Is there any way I can solve this equation for h?
h is the ice thikness. x is distance from a glacier edge, M is the glacier sliced in 100 elements. y is gravity data and the equation in the for loop is the equation for gravity anomalies.
%Data
x = [535 749 963 1177 1391 1605 1819 2033 2247 2461 2675 2889]; %Distance from edge (m)
y = [-15.0 -24.0 -31.2 -36.8 -40.8 -42.7 -42.4 -40.9 -37.3 -31.5 -21.8 -12.8].*10.^-5; %Anomaly (mgal)

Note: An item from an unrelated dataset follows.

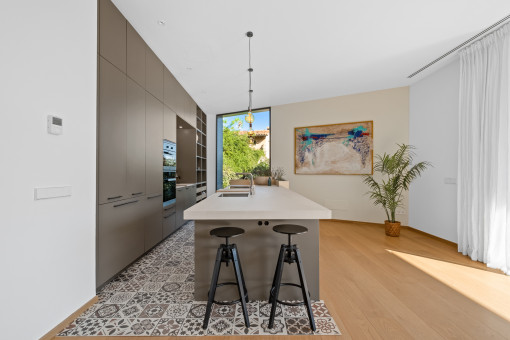 Alternative view of the kitchen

M = 1:34.2:3420; %M regular elements
dx = 34.2; %M is dx wide
%Plot data
figure(1);
plot(x,y,'*');
xlabel('Distance from west edge (m)');
ylabel('Bouguer anomaly (mgal)');
%The inverse problem
%(1) Perform discretization
G = 6.67*10^(-11); %Gravity constant in [m3/ kg*s^2]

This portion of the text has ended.